### PROVIDED RECORDS
----

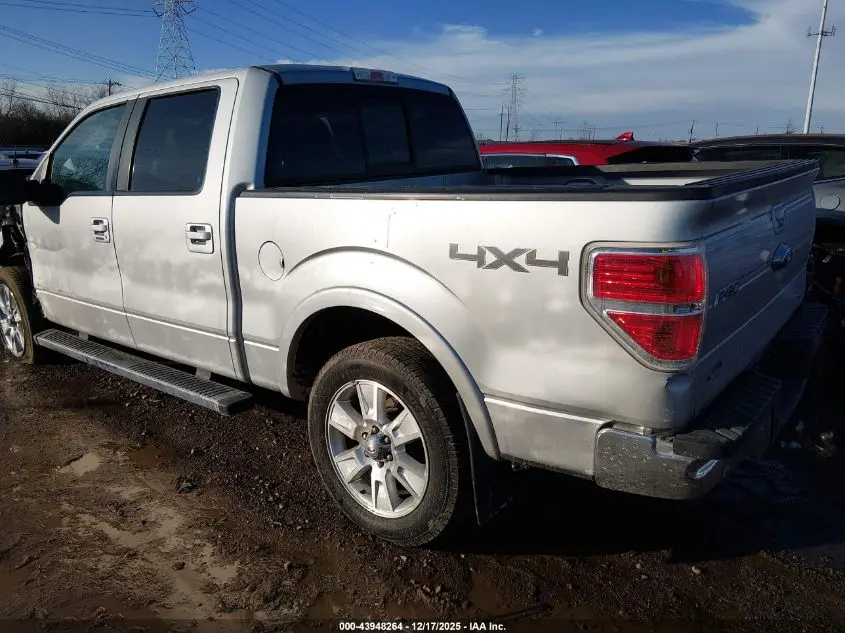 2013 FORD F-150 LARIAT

----

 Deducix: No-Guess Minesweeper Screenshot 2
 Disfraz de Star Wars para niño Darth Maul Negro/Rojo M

----

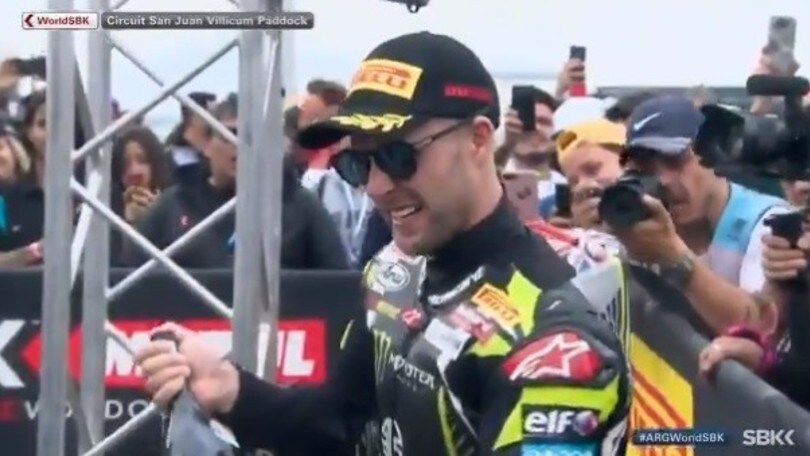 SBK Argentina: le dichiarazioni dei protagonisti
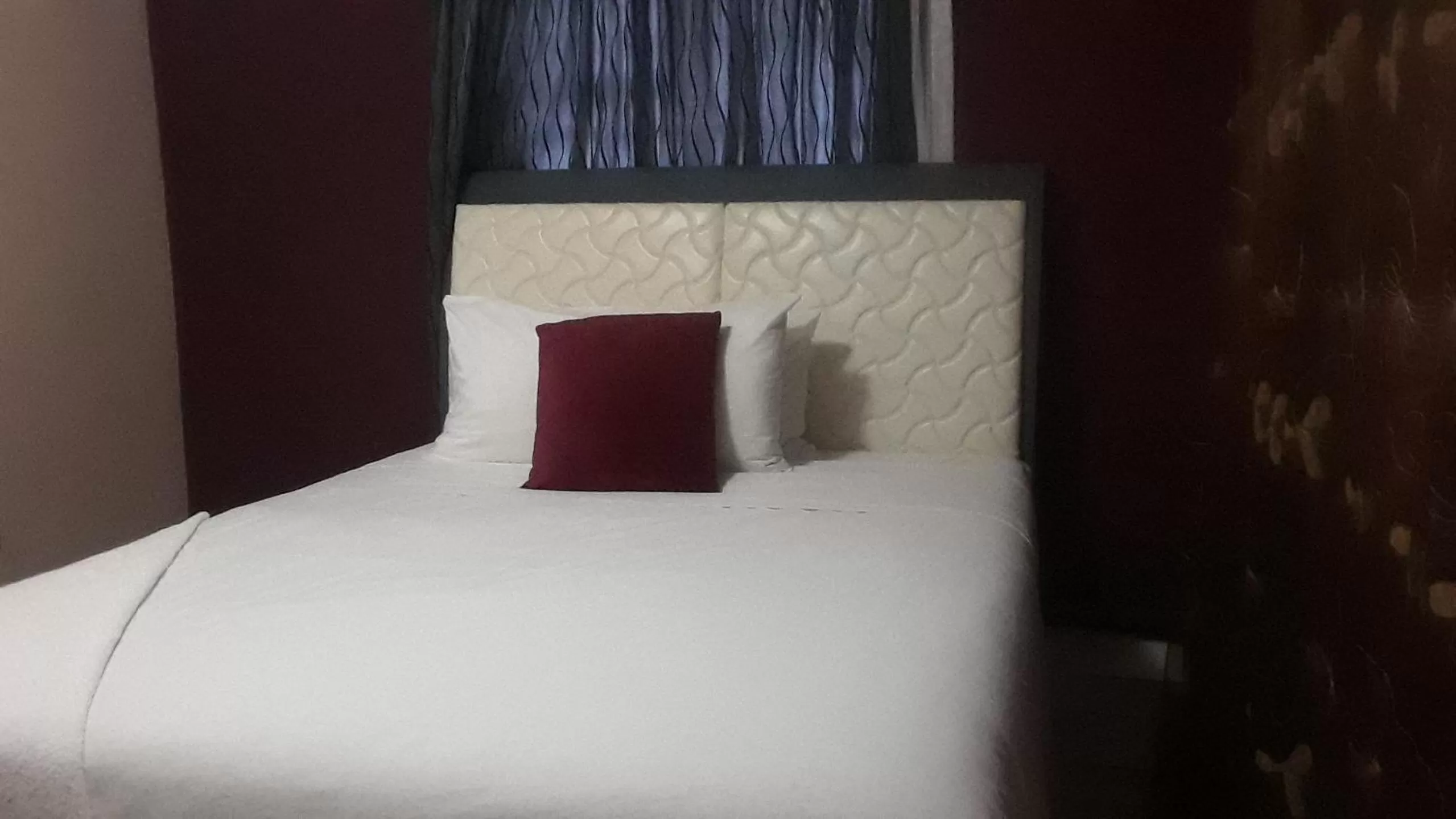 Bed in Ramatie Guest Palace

----

### WORK TO COMPLETE
Give back exactly the lines above that run from the one with "SBK Argentina: le" to the one with "Bed in Ramatie Guest Palace", including both, with the pictures left out.

### RESPONSE AREA
 SBK Argentina: le dichiarazioni dei protagonisti
 Bed in Ramatie Guest Palace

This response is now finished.